The value of token is already set in the GitLab CI settings, so no further declarations are needed.

Next, you can build and test this image locally by using --build-arg:

docker build --build-arg token=<TOKEN> .

where <TOKEN> is the actual value of the token used for private conda packages.

Add a test script

You must add a proper test script or the build will fail. The top level test_changed_images.sh script looks for a test.sh script in each directory to test the image. The test.sh script is a single line file which defines the imageCommand variable with the test command. The image is tested by running it via singularity exec using the value of imageCommand within a Docker container. The command should be something non-interactive that returns a 0 exit code. Usually running the main command with --help or --version are good choices.

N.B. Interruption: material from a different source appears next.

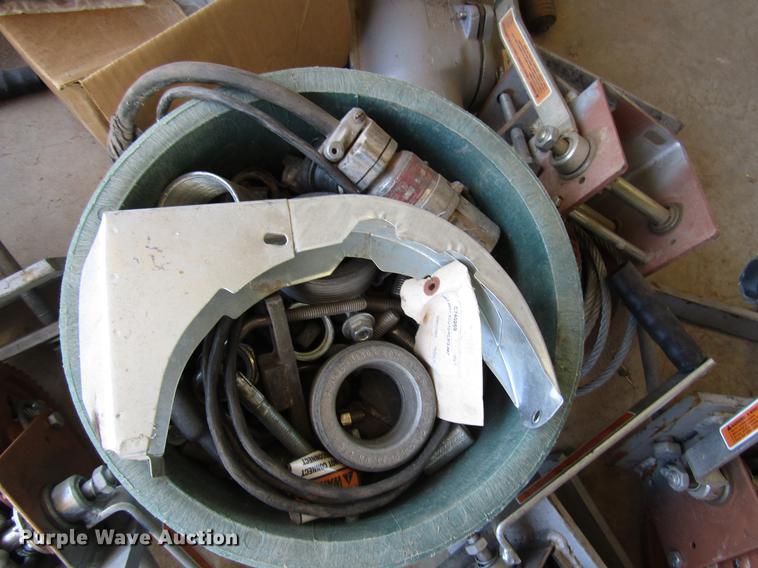 image for item FO9252 Hardware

For example, the full Singularity command to run the Macaualy2 program is

singularity exec docker://unlhcc/macaulay2 M2

Running singularity exec docker://unlhcc/macaulay2 M2 --version returns 0, so the test.sh script has the line

imageCommand="M2 --version"

Add a TAGS file to indicate the version (optional)

To add an additional tag or tags to the image to denote the version, create a file called TAGS alongside the Dockerfile in the image directory. The file format is one additional tag per line. These tags will be added to the default git ref. and latest tag by Shipwright when the image is built and pushed. Keep in mind this should only reflect the current version; it should not be a historical list of every version. That list should be kept by updating the IMAGELIST.md file (in the Version column) everytime a new version is added, to provide a complete list of all versions available for a particular image.

Update the image list

If you are adding a new image or updating the version for an existing one, update the IMAGELIST.md file with the appropriate information (name, version, example command, notes, etc.).

Push your changes

Once you think the image is working, commit your changes and push your new branch to git.unl.edu:

git push origin my_image

This will automatically start a build and test pipeline. You can check the status and see the output under the Pipelines tab on the repository page.

Create a merge request

Assuming everthing worked and the CI check passed, create a merge request from your branch into master. Once the changes are merged, it will trigger a deploy stage build and automatically upload the image to Docker Hub.